Rejection of an executory contract relieves the debtor from performing its remaining obligations and can no longer be compelled to perform. The other party is entitled to an unsecured claim equal to damages caused by the rejection. These damages are generally calculated as the present value of the lost profits.

Emas Chiyoda Subsea Ltd. is a recent case with significant contract rejection implications. Under bankruptcy code, Emas would be required to pay counterparties the damages–the net profits lost—from contract terminations. Future payments for three out of the seven contracts Emas plans to reject are estimated to be $342 million. To put that in perspective, all of the debtor’s other unsecured debt and trade payables combined totaled approximately $277 million. Future payments under a rejected contract are not equivalent to lost profits by which a damage claim is determined; however, reference to the future payments amount illustrates the potential magnitude of the impact of contract rejections.

As E&P companies’ profitability declined, many looked to the rejection of uneconomic executory contracts for relief. The rejection or renegotiation of these contracts transferred the problem from the E&P to the service provider in several ways that were not immediately obvious. Three segments affected by E&P bankruptcies include onshore services, offshore services and midstream services.

Onshore service providers

Providers of onshore oilfield services have, perhaps, felt more than others the effects of the rejection or cancellation of master service agreements (MSA) and operating contracts by bankrupted E&Ps.
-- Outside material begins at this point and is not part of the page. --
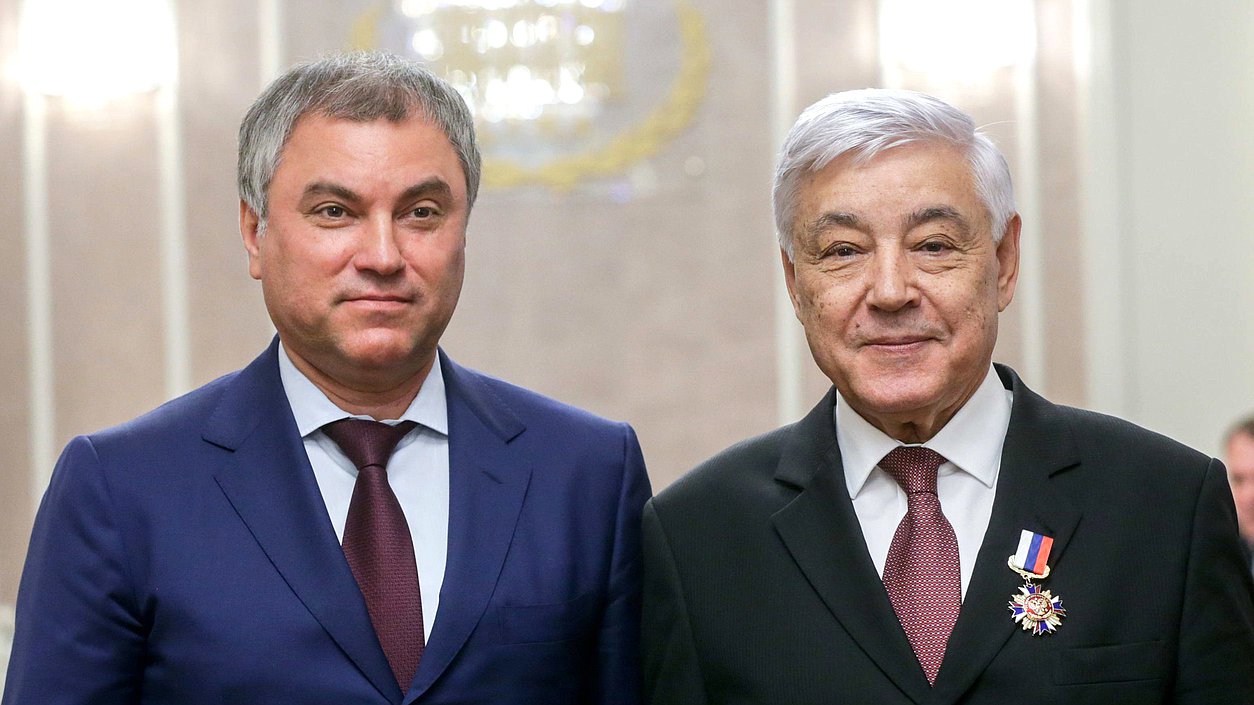 Председатель Государственной Думы Вячеслав Володин и Председатель Государственного Совета Республики Татарстан Фарид Мухаметшин во время награждения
Distressed E&Ps have streamlined supply chains by consolidating vendor bases and have reduced the risk of disruption by upgrading to higher credit quality counterparties. For longer-term contracts, there has been a distinct shift away from providers with weaker balance sheets and restricted access to capital. Also, as the industry operates at lower utilization levels, operators are seeking better equipment from providers; in many instances, this belongs to larger service companies. The result has disproportionately distressed many smaller service providers, which generated revenue through a limited number of high-value contracts.
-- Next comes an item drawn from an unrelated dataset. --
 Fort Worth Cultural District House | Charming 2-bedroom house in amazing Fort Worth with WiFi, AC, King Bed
For example, driller Helmerich & Payne Inc. reported in its quarterly financials that backlog has fallen from $5 billion in the third quarter of 2014 to $1.4 billion in the second quarter of 2017. Of the $3.6-billion decrease, U.S. onshore activity accounted for $2.9 billion of the decline—approximately 80%. During 2016, H&P notably saw 50% of its drilling contracts cancelled. Not every risk can be completely mitigated and the current downturn may prove to be one such risk. However, various service providers have successfully reduced their exposure by managing credit and counterparty risks, providing commodity-indexed pricing and maintaining high safety standards.

Rig contracts are off-balance-sheet obligations. While such contracts are, therefore, not separately valued to either party, they do constitute significant backlog to both parties. These contracts contribute to the value of the company as a whole during transactions and are often mentioned by bond-rating agencies during credit reviews, highlighting another way contract rejections affect drilling service providers.

Offshore service providers

Offshore service providers have also been significantly affected. Offshore projects require significantly higher capital commitments and longer time horizons. As a result, service providers are often engaged via long-term contracts that allow E&P companies to establish cost limits and increase long-term budgeting accuracy. Consequently, many service providers mitigate their own risk of cost inflation by entering long-term contracts for sub-contracted services. As E&Ps filed bankruptcy and moved to reject contracts, or simply renegotiated contracts out of court, many service providers were left without contractual revenue streams while still required to service their own executory contracts.

Contract terminations, whether market-driven or through the bankruptcy process, can cause considerable distress. Take the example of Ocean Rig UDW Inc. In the first quarter of 2016, three Ocean Rig contract cancellations took place, totaling approximately $580 million in future revenue. For instance, the termination of the contract for the drillship Ocean Rig Apollo could have triggered a mandatory prepayment of Ocean Rig’s credit facility of almost $145 million. Ocean Rig began restructuring discussions and filed for bankruptcy before the quarter’s end. Even though Ocean Rig was unable to avoid bankruptcy, the release of the credit-facility prepayment provided Ocean Rig with much needed financial flexibility.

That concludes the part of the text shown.